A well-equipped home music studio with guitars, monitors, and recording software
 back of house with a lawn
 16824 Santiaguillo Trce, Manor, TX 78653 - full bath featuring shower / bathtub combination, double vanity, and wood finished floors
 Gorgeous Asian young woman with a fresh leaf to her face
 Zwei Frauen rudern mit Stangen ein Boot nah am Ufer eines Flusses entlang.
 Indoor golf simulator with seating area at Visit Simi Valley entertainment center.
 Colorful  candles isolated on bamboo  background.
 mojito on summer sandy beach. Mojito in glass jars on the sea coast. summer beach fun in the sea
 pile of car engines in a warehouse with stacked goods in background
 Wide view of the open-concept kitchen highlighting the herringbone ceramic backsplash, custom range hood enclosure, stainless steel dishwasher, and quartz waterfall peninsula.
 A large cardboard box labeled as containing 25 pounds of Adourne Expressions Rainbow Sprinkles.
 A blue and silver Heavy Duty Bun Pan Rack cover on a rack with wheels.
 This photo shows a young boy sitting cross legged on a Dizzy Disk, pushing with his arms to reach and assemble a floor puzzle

Exercise details
The lines to return run from the one containing "Gorgeous Asian young" through the last line of the material above. Please reproduce them exactly.

Task output
 Gorgeous Asian young woman with a fresh leaf to her face
 Zwei Frauen rudern mit Stangen ein Boot nah am Ufer eines Flusses entlang.
 Indoor golf simulator with seating area at Visit Simi Valley entertainment center.
 Colorful  candles isolated on bamboo  background.
 mojito on summer sandy beach. Mojito in glass jars on the sea coast. summer beach fun in the sea
 pile of car engines in a warehouse with stacked goods in background
 Wide view of the open-concept kitchen highlighting the herringbone ceramic backsplash, custom range hood enclosure, stainless steel dishwasher, and quartz waterfall peninsula.
 A large cardboard box labeled as containing 25 pounds of Adourne Expressions Rainbow Sprinkles.
 A blue and silver Heavy Duty Bun Pan Rack cover on a rack with wheels.
 This photo shows a young boy sitting cross legged on a Dizzy Disk, pushing with his arms to reach and assemble a floor puzzle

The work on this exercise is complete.